Dog Catcher

Dog Catcher

Monday 2 April 2012

Starting Over Again

 It seemed before I knew it we were bound for Kaslo, B.C.  My brother had been "shopping" in all the old farm scrap piles and had ended up with a trailer full of stuff behind his truck.  All of my worldly belongings were stuffed in my car and Chubby happily took up
residence in the back window where he could keep an eye on things.  I was in contact with Ken and he met us for coffee just out of Calgary and drove with us for a time and then he headed back.  Although he had thought to come out for a visit, he never did and I never saw him again. True to his word, he moved Trouble for me to a boarding facility(and paid the board for several months) he also took my cats to a humane society.  I had found the cats beside the road in a sack and took them home on my horse.  They became outside cats and did very well on the farm.
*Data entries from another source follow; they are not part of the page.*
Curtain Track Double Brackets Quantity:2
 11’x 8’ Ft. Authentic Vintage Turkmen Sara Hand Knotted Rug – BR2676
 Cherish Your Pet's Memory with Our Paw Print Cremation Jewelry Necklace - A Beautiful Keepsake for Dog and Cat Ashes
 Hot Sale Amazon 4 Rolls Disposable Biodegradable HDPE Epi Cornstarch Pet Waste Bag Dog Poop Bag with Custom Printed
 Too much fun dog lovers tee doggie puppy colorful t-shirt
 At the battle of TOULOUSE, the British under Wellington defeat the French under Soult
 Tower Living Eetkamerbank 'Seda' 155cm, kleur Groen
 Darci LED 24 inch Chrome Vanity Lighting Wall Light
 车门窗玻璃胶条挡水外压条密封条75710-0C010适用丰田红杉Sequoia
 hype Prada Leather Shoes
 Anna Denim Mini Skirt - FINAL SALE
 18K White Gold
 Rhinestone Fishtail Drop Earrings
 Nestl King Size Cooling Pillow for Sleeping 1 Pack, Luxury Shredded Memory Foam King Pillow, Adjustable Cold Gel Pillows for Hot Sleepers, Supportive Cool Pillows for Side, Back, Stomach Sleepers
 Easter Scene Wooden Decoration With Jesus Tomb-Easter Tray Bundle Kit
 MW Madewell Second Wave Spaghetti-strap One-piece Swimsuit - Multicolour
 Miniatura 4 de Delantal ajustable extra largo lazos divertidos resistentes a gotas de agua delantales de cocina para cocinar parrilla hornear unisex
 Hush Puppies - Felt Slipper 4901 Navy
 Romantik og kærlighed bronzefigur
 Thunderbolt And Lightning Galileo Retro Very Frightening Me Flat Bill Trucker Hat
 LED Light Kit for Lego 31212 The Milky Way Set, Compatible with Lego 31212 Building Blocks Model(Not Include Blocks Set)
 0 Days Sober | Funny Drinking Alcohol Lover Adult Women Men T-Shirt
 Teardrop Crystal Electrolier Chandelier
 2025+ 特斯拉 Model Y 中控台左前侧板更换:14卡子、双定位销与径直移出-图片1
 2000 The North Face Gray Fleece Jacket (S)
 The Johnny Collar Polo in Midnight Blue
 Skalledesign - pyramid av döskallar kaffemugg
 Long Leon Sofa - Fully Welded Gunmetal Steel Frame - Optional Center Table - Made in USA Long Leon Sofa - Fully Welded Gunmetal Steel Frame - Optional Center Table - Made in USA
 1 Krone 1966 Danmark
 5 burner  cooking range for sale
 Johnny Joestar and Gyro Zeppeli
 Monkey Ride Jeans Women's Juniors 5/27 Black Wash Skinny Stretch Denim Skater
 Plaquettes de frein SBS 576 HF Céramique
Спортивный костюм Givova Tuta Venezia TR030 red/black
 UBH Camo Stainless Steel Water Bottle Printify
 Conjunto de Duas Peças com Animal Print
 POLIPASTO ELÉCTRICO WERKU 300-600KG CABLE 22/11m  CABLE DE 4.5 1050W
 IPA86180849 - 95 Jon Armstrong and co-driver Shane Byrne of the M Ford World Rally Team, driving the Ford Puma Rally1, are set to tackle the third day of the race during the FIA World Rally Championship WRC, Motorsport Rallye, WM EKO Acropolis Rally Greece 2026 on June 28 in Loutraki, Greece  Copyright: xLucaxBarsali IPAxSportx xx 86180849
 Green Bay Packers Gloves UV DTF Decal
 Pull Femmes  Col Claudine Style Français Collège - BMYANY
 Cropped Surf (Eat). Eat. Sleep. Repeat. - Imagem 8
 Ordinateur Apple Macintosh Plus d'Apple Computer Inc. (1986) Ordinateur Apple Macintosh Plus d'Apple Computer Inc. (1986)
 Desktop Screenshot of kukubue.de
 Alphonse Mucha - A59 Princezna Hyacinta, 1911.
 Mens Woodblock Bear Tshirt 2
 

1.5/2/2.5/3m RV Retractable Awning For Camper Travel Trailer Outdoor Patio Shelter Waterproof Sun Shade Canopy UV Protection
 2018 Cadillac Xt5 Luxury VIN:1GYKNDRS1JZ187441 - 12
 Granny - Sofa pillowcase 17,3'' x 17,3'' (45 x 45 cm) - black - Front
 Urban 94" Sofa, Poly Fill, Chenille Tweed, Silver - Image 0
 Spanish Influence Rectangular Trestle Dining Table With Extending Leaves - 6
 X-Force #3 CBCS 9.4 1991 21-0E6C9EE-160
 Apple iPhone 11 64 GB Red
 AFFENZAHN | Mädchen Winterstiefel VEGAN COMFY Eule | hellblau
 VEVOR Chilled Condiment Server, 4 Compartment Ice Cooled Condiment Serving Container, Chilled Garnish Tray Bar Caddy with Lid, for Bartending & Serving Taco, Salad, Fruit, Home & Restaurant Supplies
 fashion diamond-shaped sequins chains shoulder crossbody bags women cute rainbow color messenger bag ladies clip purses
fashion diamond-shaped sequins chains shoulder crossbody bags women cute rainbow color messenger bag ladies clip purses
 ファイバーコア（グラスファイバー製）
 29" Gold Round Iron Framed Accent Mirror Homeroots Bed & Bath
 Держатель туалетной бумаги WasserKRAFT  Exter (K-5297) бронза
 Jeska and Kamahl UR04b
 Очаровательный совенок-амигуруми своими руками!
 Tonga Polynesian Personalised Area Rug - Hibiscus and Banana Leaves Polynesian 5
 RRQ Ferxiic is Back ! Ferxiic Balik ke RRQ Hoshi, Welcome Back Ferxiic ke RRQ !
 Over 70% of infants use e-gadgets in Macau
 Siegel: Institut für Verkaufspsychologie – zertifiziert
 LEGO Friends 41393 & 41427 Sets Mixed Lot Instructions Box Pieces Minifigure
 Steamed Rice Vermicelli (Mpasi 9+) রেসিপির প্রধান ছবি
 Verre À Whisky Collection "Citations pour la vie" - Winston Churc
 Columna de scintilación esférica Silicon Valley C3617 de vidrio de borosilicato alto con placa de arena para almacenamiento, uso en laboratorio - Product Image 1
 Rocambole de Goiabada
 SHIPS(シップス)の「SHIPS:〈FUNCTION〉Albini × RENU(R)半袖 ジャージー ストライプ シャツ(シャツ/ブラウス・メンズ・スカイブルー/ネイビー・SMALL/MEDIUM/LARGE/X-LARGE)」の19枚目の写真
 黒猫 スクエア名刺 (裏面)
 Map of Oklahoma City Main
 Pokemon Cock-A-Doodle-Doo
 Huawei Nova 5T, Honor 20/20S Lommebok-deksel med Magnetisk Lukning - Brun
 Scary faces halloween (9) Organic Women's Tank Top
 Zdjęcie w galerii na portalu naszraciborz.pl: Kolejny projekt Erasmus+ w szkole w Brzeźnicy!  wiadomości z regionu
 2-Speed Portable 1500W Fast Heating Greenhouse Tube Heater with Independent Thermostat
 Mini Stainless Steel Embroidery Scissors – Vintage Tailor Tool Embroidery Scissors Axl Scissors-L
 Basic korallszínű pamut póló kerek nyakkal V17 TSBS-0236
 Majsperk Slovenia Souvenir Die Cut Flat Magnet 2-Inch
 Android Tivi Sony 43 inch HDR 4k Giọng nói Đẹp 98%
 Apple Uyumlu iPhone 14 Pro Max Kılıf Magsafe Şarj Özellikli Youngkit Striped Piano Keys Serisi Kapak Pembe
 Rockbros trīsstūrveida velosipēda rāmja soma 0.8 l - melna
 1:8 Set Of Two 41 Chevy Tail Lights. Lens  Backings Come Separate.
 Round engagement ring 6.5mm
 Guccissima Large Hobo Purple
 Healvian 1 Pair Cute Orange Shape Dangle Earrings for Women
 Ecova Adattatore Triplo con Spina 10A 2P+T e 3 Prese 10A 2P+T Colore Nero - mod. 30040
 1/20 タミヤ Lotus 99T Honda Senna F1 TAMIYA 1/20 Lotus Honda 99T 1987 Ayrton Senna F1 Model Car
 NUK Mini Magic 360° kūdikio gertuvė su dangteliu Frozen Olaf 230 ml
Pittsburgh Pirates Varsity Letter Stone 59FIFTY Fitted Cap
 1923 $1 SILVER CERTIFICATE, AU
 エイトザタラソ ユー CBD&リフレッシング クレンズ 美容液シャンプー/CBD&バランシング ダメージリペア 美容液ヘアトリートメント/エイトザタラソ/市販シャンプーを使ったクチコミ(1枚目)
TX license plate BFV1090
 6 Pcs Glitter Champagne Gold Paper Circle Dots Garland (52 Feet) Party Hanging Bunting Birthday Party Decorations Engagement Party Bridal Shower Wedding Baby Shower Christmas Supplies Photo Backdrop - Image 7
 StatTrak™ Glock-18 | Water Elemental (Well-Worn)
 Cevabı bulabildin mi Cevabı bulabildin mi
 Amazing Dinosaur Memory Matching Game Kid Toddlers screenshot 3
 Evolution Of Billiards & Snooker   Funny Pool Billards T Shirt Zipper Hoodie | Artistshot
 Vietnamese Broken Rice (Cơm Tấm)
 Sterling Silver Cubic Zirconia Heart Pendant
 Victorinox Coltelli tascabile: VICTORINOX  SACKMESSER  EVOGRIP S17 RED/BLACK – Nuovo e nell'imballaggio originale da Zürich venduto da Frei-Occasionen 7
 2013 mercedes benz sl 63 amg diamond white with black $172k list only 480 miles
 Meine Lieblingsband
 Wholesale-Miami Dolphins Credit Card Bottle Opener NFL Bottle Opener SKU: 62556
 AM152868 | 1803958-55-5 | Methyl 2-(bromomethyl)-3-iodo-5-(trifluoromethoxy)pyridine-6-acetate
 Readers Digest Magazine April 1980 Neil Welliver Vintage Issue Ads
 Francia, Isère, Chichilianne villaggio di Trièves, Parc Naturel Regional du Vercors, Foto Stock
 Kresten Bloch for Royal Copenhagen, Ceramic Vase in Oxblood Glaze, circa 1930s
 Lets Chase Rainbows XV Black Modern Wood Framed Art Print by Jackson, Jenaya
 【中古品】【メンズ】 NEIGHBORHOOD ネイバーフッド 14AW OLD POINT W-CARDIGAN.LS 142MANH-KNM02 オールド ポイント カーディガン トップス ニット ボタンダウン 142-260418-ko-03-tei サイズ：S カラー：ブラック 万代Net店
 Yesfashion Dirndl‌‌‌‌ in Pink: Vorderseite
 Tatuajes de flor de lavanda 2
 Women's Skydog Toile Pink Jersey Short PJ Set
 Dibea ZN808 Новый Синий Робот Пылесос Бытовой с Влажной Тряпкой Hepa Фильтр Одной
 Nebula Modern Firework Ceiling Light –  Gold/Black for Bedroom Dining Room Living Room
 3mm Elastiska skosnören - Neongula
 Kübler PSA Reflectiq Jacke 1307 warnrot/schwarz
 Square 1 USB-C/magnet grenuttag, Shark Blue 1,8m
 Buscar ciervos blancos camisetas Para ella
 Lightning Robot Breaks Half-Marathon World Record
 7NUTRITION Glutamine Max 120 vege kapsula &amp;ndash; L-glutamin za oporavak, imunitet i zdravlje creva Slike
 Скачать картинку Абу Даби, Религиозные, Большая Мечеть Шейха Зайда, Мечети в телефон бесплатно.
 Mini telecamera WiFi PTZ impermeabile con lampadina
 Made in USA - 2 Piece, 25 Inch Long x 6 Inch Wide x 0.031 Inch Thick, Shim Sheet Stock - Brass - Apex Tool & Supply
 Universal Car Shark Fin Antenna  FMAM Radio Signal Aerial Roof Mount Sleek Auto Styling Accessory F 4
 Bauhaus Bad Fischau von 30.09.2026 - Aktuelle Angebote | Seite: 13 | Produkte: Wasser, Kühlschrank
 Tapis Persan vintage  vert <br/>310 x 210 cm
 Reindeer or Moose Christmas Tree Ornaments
I have never understood how people could be so cruel as to put cats in a bag and just throw them away like garbage.It was the middle of a very cold winter when I found them.

Meanwhile back on the road we were making not too bad a time. We stopped in Banff to admire the wild sheep and then continued on. After we crossed Kootenay Lake on the ferry, my niece joined me in my car for a change of pace.  I asked her many times if this was Coffee Creek?  This part of the road is especially scary for prairie people and for some reason I had a real thing about it that day. Each time I asked Kelly would reply "Not yet Aunty Joyce".  Eventually we were through that piece of road and found ourselves at their log house on the back road.  I would stay here for some months.

   Here I would begin a series of "first times".  It started right away when my brother wanted to load a few logs he had cut and take them to the Mill down the road.  I was introduced to a peavy.  This is a tool that has a movable hook on it and enables one to roll logs and hold them from rolling back again.Together we rolled the logs onto a trailer with bunks to hold the logs and during the process I really thought we might die if I did not give it my all.  But we got the job done and took the logs out and I made my first $20.00 in B.C.
    My bad ankle had continued to bother me and we finally came on a good solution of wrapping a leather belt around my cowboy boot in such a way that it gave me the support I needed. It would seem that the old saying of "Whatever It Takes" had followed me to B.C.